Spark applications run as independent sets of processes on a cluster, which are controlled and monitored by the SparkContext object in the main program called the driver program. To run on a cluster, the SparkContext can connect to several types of cluster managers (either Spark’s own standalone cluster manager or Mesos/YARN), which allocate resources across applications. Once connected, Spark acquires executors on nodes in the cluster, which are processes that run computations and store data for your application. Next, it sends your application code (defined by JAR or Python files passed to SparkContext) to the executors. Finally, SparkContext sends tasks for the executors to run.

[pic]

Figure 3: Apache Spark Architecture

As shown in the above figure there are various things to be noted about this architecture. Each application gets its own executor processes, which stay up for the duration of the whole application and run tasks in multiple threads. This has the benefit of isolating applications from each other, on both the scheduling side (each driver schedules its own tasks) and executor side (tasks from different applications run in different JVMs). However, it also means that data cannot be shared across different Spark applications (instances of SparkContext) without writing it to an external storage system.

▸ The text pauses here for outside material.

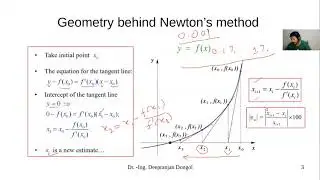 How to solve  non-linear equations using Newton's Method. Part - 1 Theory and simulation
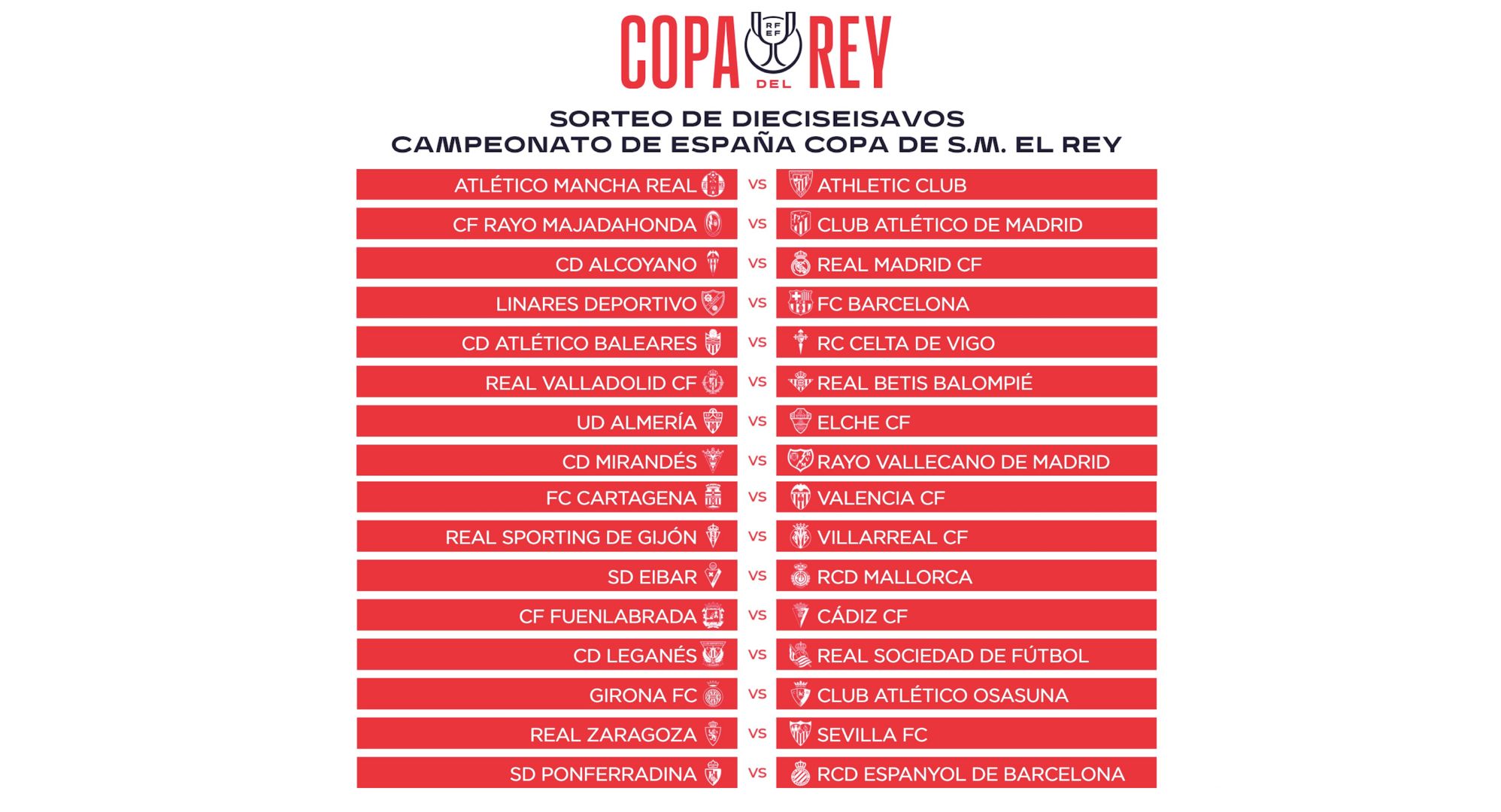 Dieciseisavos de Copa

Spark is agnostic to the underlying cluster manager. As long as it can acquire executor processes, and these communicate with each other, it is relatively easy to run it even on a cluster manager that also supports other applications (e.g. Mesos/YARN). Because the driver schedules tasks on the cluster, it should be run close to the worker nodes, preferably on the same local area network. If you’d like to send requests to the cluster remotely, it’s better to open an RPC to the driver and have it submit operations from nearby than to run a driver far away from the worker nodes.

Apache Spark can process data from a variety of data repositories, including the Hadoop Distributed File System (HDFS), NoSQL databases and relational data stores such as Apache Hive. In addition, Spark can handle more than the batch processing applications that MapReduce is limited to running. The core Spark engine functions partly as an application programming interface (API) layer and underpins a set of related tools for managing and analyzing data, including a SQL query engine, library of machine  algorithms, graph processing system and streaming data processing software.[8]

DISTRIBUTED PARALLEL SEARCH

AND COMPUTATION FOR INVERTED

INDEX WITH HADOOP MAP REDUCE

AND APACHE SPARK

1 Inverted Index

An inverted index (also referred to as postings file or inverted file) is an index data structure storing a mapping from content, such as words or numbers, to its locations in a database file, or in a document or a set of documents. The purpose of an inverted index is to allow fast full text searches, at a cost of increased processing when a document is added to the database.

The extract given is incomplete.